##### Supplied information #####

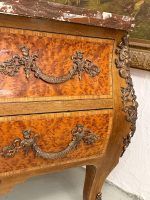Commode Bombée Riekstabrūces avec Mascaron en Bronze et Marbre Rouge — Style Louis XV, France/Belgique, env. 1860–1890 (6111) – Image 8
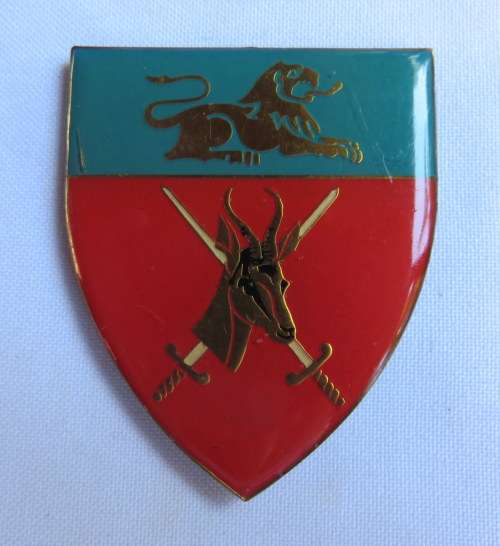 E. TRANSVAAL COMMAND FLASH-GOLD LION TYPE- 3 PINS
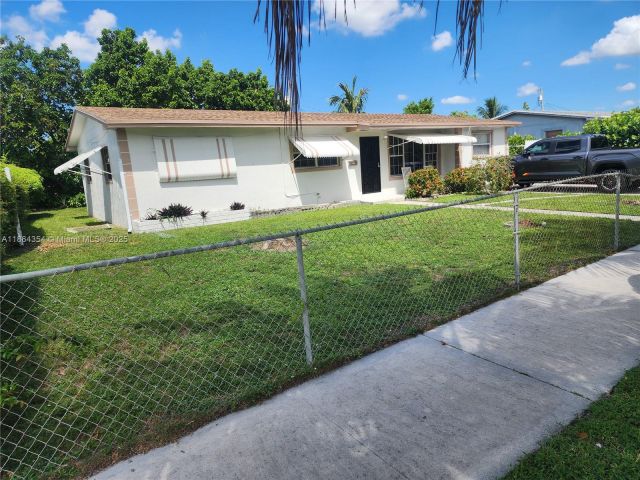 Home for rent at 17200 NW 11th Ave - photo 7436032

#####

An exact repeat of the listing above, pictures excluded, is the answer.

Commode Bombée Riekstabrūces avec Mascaron en Bronze et Marbre Rouge — Style Louis XV, France/Belgique, env. 1860–1890 (6111) – Image 8
 E. TRANSVAAL COMMAND FLASH-GOLD LION TYPE- 3 PINS
 Home for rent at 17200 NW 11th Ave - photo 7436032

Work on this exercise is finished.